What sets Immunai apart is its integration of computational and experimental capabilities. The company operates a lab in the loop model, where computational findings can be rapidly tested and refined through in-house experimental systems. This continuous feedback loop allows Immunai to move beyond prediction toward biological validation, helping to de-risk decisions earlier in the development process.
This approach is increasingly resonating with large pharmaceutical companies. Immunai collaborates with leading industry players, including AstraZeneca, Bristol Myers Squibb, and Teva, applying its platform to real-world development challenges, and expects to further expand these engagements in the near future.
Noam Solomon Photo: Gil KovalchukThe expansion comes as Immunai itself scales rapidly. Over the past year, the company has more than doubled its business footprint, bookings, and revenue, driven by increasing adoption of its platform across both discovery and clinical development.

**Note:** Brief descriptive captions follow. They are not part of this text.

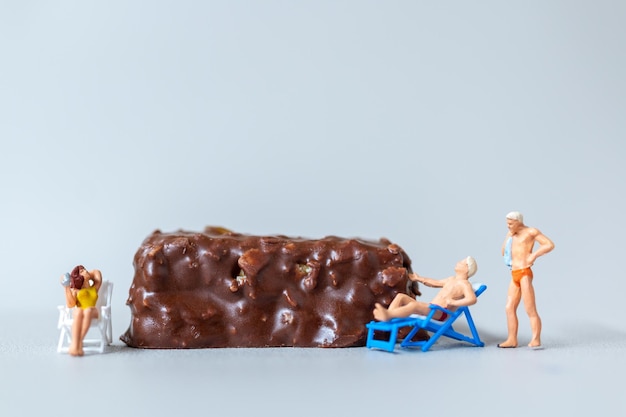 Personas en miniatura con traje de baño relajándose en barras de chocolate sobre fondo gris Concepto del Día Mundial del Chocolate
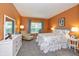 Cozy bedroom with a plush armchair, white dresser, and a comfortable bed at 1696 Woodfield Dr, Greenwood, IN 46143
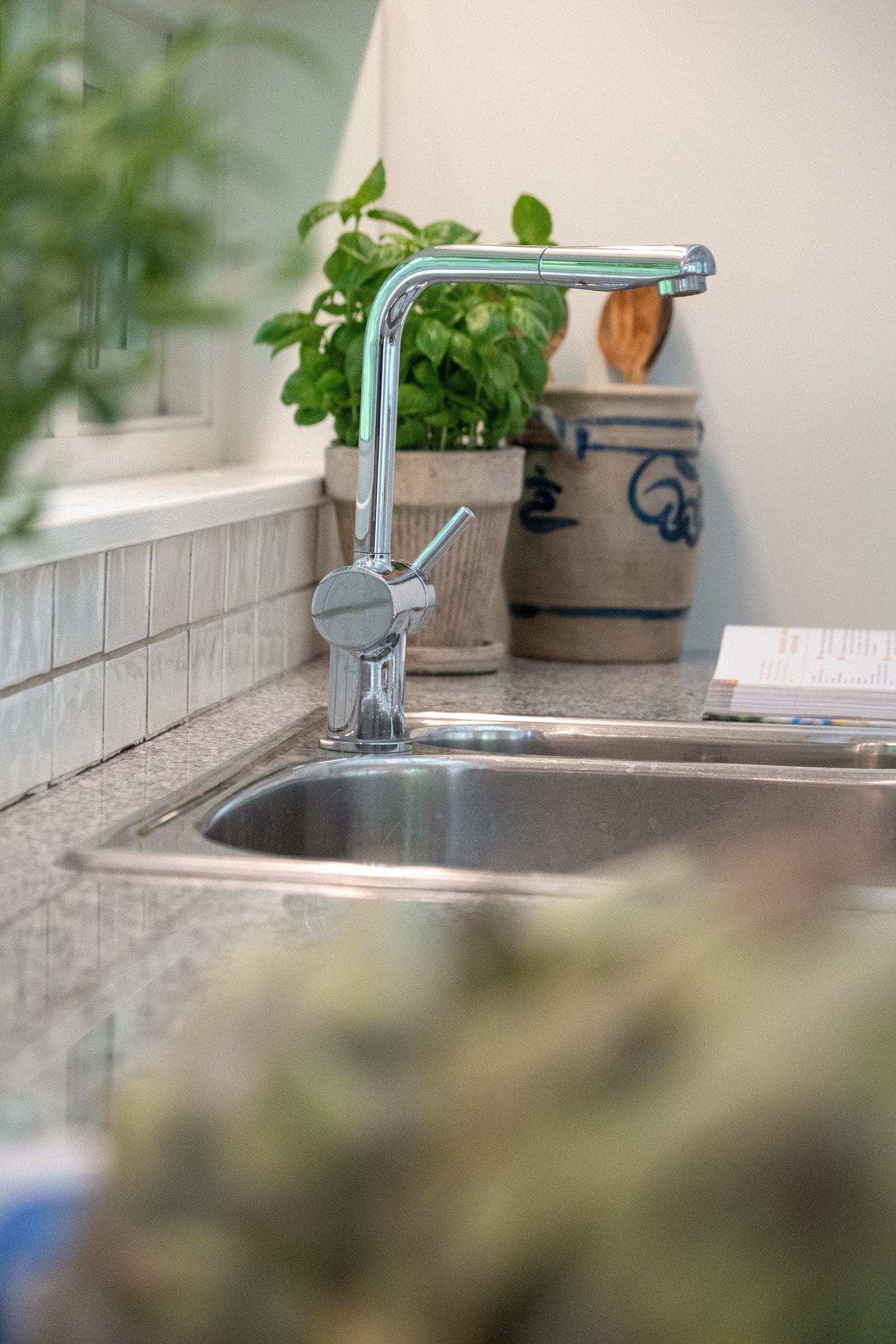 Kjøkkenet har en stilren innredning med slette fronter, benkeplate i stein og fliser på veggen over benken som gir et moderne uttrykk Galleribilde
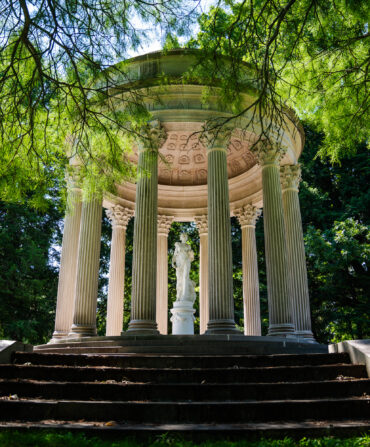 A white temple structure in a garden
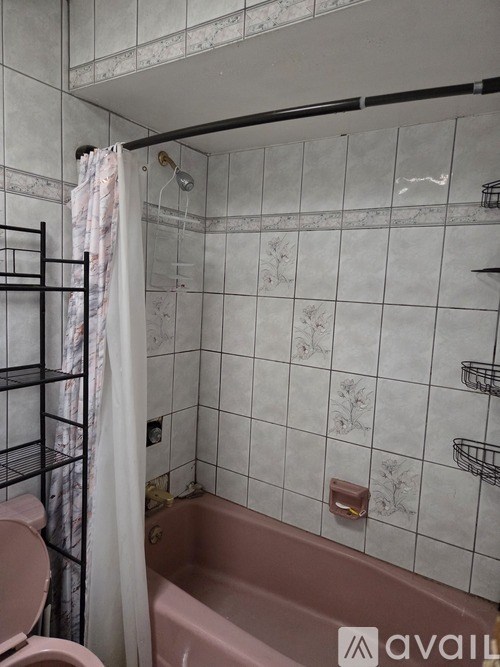 A bathroom with a pink tub and a toilet.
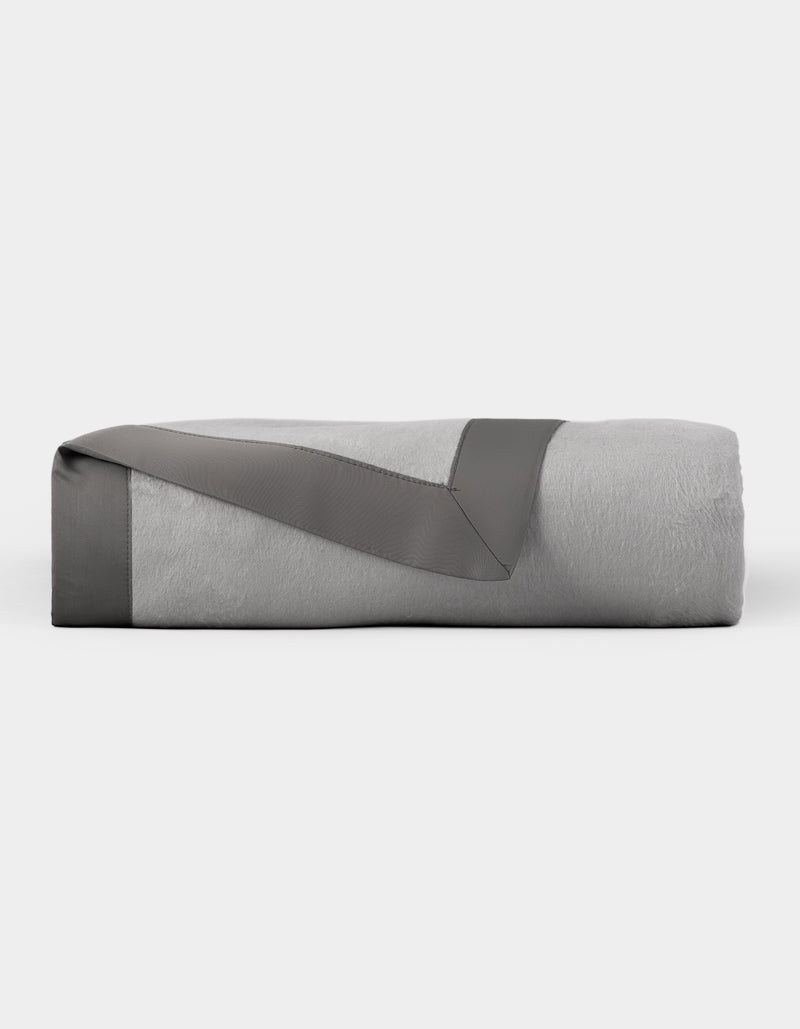 The Cozy Earth Bamboo Blanket is neatly folded, featuring a light gray color with a dark gray satin trim, and displayed on a plain white background.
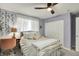 Bedroom with a ceiling fan, large window, and closet providing ample storage space at 3466 Firethorn Dr, Whitestown, IN 46075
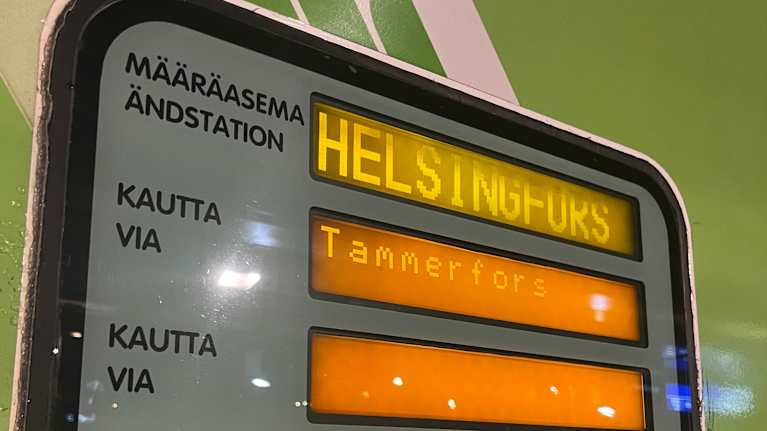 Kuvassa on VR:n kaukojunan näyttötaulu, josta pystyy katsomaan että juna on matkalla Helsinkiin, ja se pysähtyy välissä Tampereella.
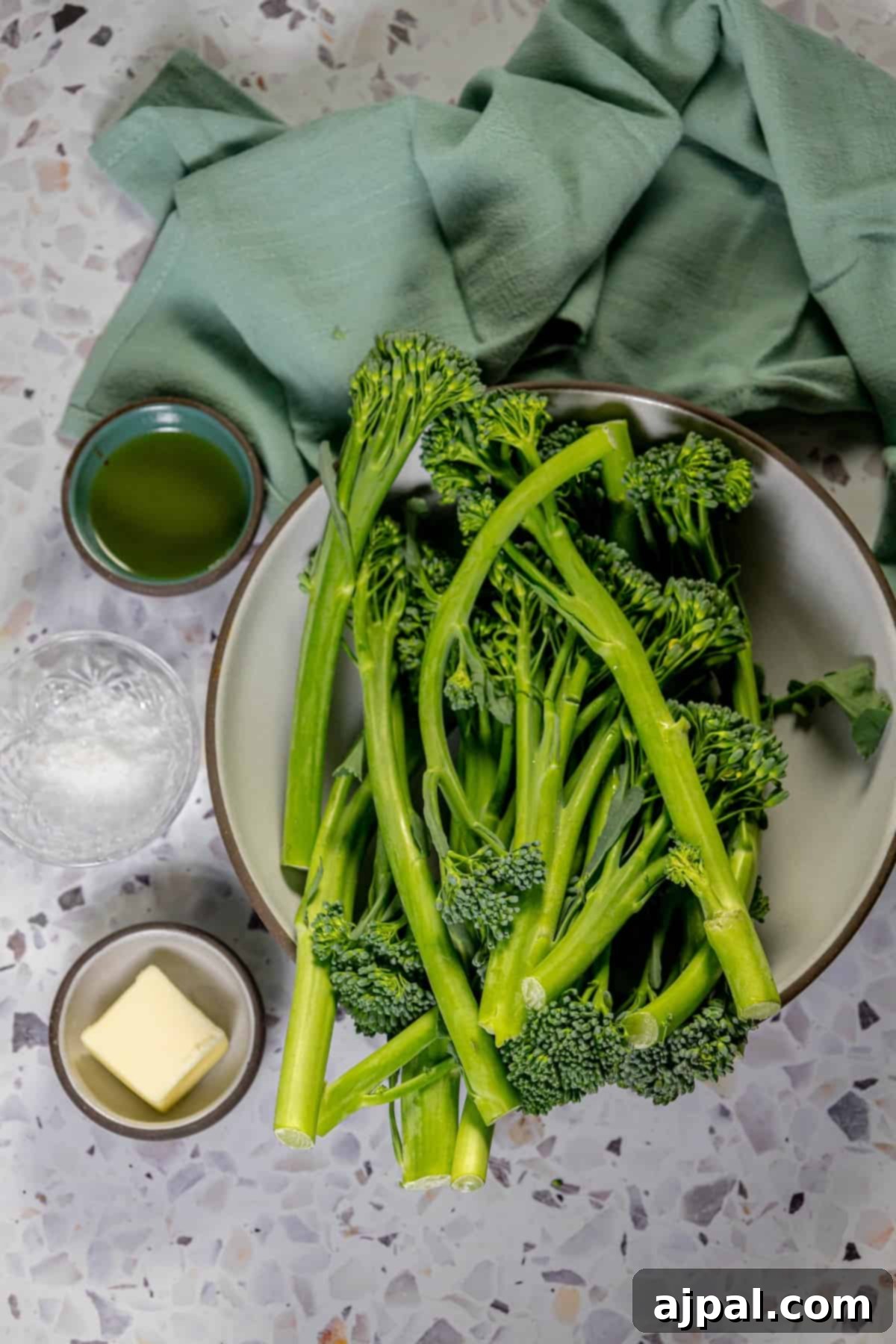 Sauteed broccolini with butter, served in a bowl on a table, highlighting the rich ingredients.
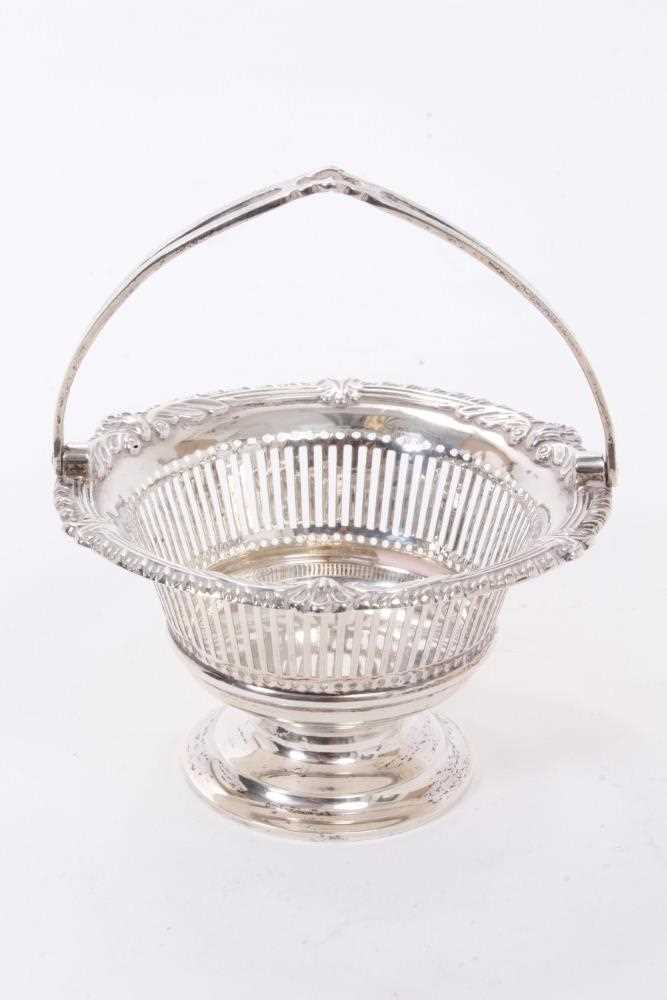 Lot 265 - Edwardian silver swing handled dish of small proportions, with pierced decoration and stylised shell/feather borders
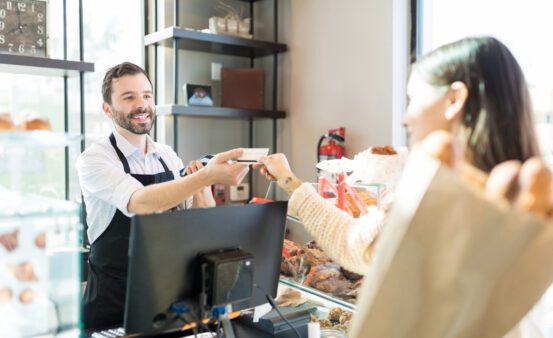 Happy salesman receiving credit card from customer in bakery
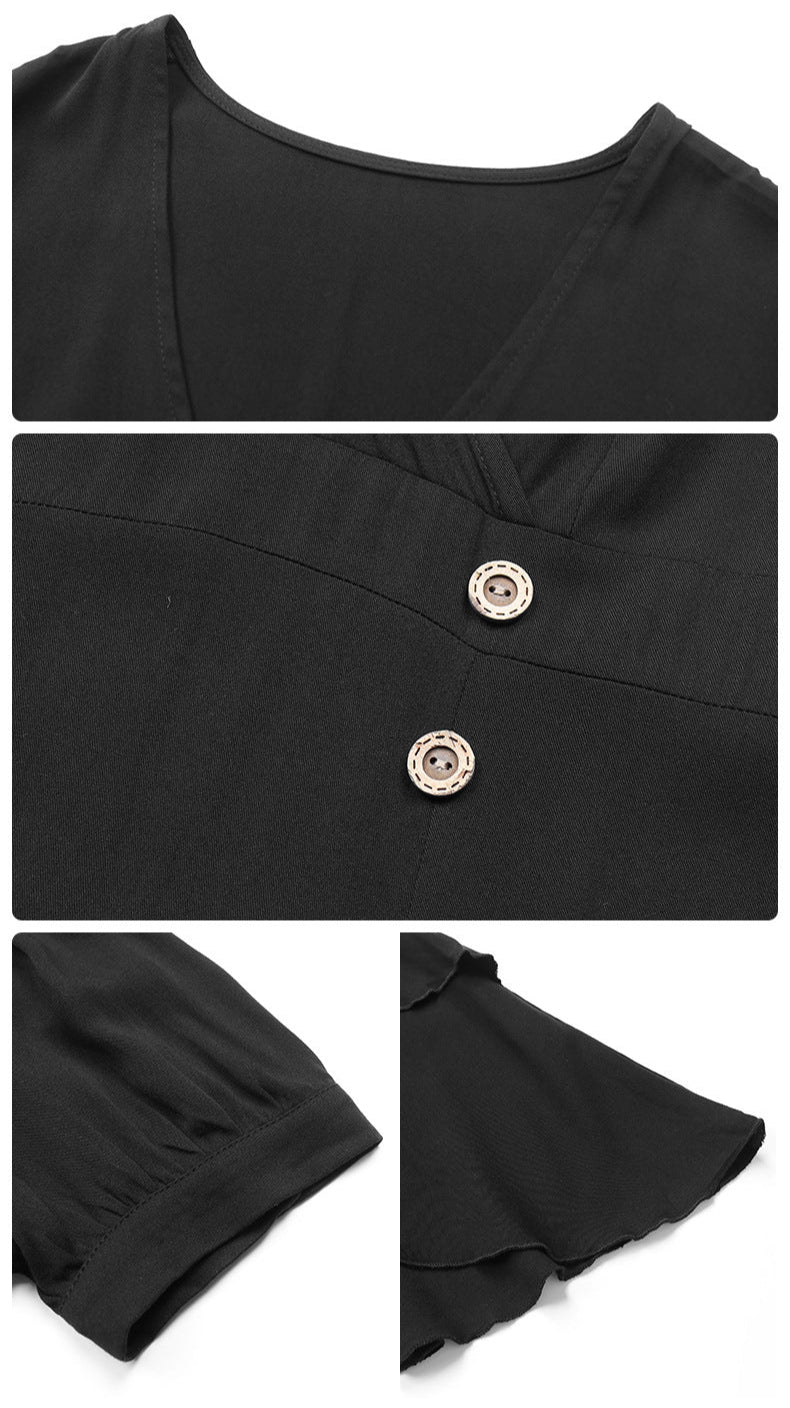 A detailed view of black dress features showing V-neckline design, decorative buttons, and puff sleeve construction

For Solomon, the broader vision extends beyond individual programs. “Drug development has historically relied on intuition and trial and error,” Solomon says. “We’re trying to replace that with an AI-first data-driven platform.”
As immunotherapy continues to expand into new diseases and modalities, the need to understand immune behavior at scale is becoming more urgent. While the immune system remains one of the most complex systems in biology, companies like Immunai are working to transform that complexity into something actionable.
Not every drug can be saved. But for those that can, understanding the immune system may make all the difference.